Guest Post by Rosa Lyster: Celebrity Encounters

Celebrity encounters

Rosa Lyster writes these really great essays once a week and puts them up on her website www.rosalyster.com. I am a huge fan of her writing and asked her to guest post on the blog today. She very kindly said yes. Here is her essay on the encounters she has had (or thought she had) with celebs.

Rosa lives and works in Cape Town, South Africa.

CELEBRITY ENCOUNTERS by Rosa Lyster

1. I thought I saw Yasiin Bey (aka Mos Def) out the corner of my eye. This kind of tallish handsome-ish lanky man wearing nice pants wandered into my peripheral vision, and the celebrity-registering part of my brain lit up. Fireworks. Explosions. Someone shooting a gun into the air. This happens to me a lot. People in Cape Town are generally very good at keeping their shit together around celebrities – they affect a cool disinterestedness, like oh check it out there’s Sean Penn, and I am going to pretend that I don’t care at all. I am going to act like I have never ever heard of Sean Penn, or, alternatively, that I HAVE heard of him and I hate him. I am going to make Sean Penn think that I am his enemy. I do not play this game very well. I lose my mind at even the prospect of seeing a celebrity. They know that they are famous, I know that they are famous, and why are we all pretending like this is normal. WHY. It’s a problem that some people have. A friend of mine once saw Emma Watson in a bar in Oxford, and stared at her so hard that she had to leave. It turned out that the guy with the cool pants wasn’t Yasiin Bey at all. He was just a totally regular man. Didn’t matter. The celebrity-registering part of my brain had been activated, and I was jittery for the rest of the evening.
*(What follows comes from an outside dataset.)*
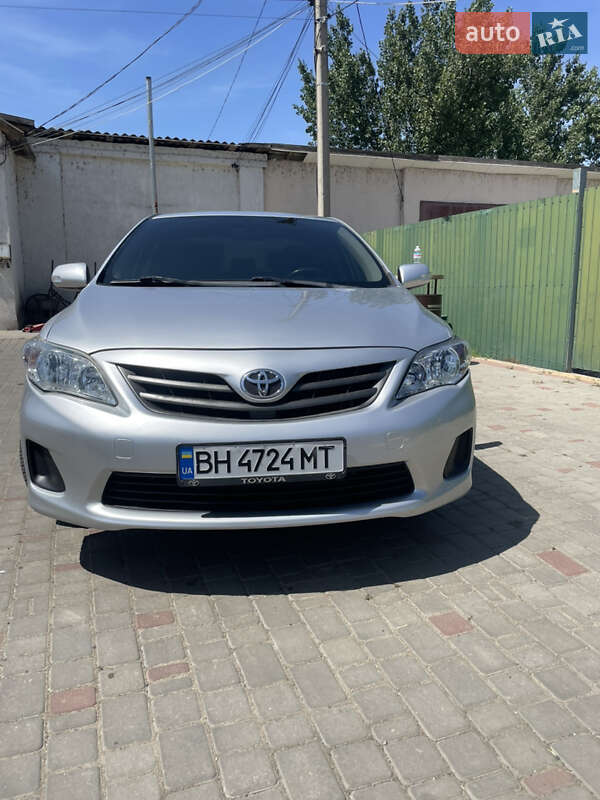 Седан Toyota Corolla 2010 в Арцизові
2. I saw Sophie Ellis Bextor walking down the street in Hackney. This wasn’t like the Mos Def thing – it was definitely, definitely her. She had this nice yellow dress on, and sweet sunglasses, and she was walking down the street towards me. Fireworks. Explosions. Someone shooting a gun into the air.

3. My friend Rom and I saw Cillian Murphy at a Beach House concert in Hyde Park. I wrote about in on my old blog, which not one single person ever read, so really it was more like my diary. This is what I said: him and his wife (who was wearing a sort of Cheesecloth purple jumpsuit, actually, but despite this she managed to come across as very nice and someone you wouldn’t mind being stuck in a lift with) were sitting at the same set of tables and chairs that we were for most of the day. they borrowed our sunscreen. the wife made a nice joke about eating some of our ice cream. things i noticed about cillian murphy:

A) his head is much bigger from the side than from the front

B) he seems all right, really.

I recognised him straight away and I could feel my eyes go all bobbly and stupid. I don’t even like him! He does not at all feature in my life! I don’t think I have ever had a conversation about him with anyone except maybe Emma! but still I was so DUMB about it. still it was all I could do to stop myself from leaning over to him and going, “Look, you and I both know that you were in that movie called 28 Days Later, so can we stop pretending please.”they were sort of next to us when we watched beach house as well. they weren’t nearly as into beach house as they were into this sort of ska band that played earlier. obviously this minused them a million points, not just cos beach house was SO GREAT, but because ska is SO HORRIBLE.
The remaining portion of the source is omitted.